Problem description
The material below holds a span beginning at the line with "Чехол на Huawei" and ending at the line with "Renato Nucci Black". Quote that span exactly, both ends included, and only that span.

Input data

________________

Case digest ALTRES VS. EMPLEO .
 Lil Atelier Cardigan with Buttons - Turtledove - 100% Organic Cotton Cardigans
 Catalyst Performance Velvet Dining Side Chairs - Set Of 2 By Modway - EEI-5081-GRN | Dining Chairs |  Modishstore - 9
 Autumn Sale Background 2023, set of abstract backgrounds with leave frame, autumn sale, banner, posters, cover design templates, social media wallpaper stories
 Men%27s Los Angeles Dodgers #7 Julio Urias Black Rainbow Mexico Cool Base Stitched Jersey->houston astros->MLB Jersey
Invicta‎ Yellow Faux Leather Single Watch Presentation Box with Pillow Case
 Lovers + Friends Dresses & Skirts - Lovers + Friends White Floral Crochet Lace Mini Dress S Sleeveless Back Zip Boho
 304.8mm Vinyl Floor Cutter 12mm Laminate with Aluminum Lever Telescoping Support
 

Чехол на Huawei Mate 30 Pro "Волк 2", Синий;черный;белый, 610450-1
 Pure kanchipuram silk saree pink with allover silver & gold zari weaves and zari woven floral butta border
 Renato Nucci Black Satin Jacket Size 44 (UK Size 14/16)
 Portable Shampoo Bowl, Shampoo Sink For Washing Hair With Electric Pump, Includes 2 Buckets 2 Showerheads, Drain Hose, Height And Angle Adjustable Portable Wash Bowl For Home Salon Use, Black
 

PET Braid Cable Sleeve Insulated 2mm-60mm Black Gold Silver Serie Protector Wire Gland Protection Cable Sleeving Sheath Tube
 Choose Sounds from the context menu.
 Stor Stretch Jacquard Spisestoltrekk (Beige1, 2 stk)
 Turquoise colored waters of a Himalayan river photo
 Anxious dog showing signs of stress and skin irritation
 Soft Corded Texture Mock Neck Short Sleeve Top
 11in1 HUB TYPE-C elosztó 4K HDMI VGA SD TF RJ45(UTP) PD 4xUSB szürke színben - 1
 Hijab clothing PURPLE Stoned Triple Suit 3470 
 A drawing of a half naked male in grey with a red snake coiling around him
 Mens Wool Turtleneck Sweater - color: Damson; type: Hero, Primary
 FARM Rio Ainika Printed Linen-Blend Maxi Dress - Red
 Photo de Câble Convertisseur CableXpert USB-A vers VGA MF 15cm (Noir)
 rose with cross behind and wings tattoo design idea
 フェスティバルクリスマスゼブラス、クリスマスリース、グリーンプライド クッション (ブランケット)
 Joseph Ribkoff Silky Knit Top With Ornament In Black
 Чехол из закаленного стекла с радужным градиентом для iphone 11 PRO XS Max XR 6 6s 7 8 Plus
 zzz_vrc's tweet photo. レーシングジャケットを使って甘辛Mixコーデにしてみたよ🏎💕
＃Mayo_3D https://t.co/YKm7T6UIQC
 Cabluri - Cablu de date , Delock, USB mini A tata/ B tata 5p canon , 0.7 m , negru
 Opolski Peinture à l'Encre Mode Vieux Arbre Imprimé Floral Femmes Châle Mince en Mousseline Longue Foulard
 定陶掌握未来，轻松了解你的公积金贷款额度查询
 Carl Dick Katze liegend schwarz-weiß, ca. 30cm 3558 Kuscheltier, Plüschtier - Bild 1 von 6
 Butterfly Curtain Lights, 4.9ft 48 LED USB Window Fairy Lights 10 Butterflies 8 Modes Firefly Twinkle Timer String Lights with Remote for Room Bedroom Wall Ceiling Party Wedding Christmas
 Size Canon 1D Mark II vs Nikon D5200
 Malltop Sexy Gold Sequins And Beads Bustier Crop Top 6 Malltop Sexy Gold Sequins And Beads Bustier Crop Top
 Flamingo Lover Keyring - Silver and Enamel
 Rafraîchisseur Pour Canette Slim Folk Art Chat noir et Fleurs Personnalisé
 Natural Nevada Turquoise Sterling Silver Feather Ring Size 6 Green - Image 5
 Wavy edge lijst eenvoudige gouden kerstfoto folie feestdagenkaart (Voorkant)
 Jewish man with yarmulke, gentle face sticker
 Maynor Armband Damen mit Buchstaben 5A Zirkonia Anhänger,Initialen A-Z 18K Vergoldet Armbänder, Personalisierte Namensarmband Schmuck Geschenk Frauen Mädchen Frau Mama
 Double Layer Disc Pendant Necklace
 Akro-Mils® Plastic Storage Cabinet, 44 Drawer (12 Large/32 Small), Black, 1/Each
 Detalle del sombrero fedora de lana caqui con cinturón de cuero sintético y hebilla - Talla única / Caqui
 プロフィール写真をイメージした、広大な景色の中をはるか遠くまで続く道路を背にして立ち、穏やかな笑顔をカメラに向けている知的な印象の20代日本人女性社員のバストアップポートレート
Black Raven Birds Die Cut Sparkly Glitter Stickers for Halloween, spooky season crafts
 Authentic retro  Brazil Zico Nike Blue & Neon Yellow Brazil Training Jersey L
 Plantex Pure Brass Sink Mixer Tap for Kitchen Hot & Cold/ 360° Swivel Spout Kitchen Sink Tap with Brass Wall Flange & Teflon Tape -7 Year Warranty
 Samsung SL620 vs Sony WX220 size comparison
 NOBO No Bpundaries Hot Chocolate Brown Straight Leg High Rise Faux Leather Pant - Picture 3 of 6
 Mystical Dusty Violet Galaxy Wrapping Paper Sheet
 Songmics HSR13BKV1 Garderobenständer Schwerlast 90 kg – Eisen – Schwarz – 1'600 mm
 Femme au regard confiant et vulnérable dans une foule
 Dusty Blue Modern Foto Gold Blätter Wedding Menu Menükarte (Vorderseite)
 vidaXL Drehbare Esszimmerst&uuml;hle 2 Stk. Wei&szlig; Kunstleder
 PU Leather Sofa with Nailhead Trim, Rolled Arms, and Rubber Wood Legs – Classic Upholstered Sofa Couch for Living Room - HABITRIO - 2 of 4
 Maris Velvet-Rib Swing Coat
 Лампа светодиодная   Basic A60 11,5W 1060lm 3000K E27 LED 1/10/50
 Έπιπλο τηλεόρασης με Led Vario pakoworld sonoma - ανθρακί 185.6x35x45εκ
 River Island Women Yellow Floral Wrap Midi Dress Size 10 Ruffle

________________

Reply
Чехол на Huawei Mate 30 Pro "Волк 2", Синий;черный;белый, 610450-1
 Pure kanchipuram silk saree pink with allover silver & gold zari weaves and zari woven floral butta border
 Renato Nucci Black Satin Jacket Size 44 (UK Size 14/16)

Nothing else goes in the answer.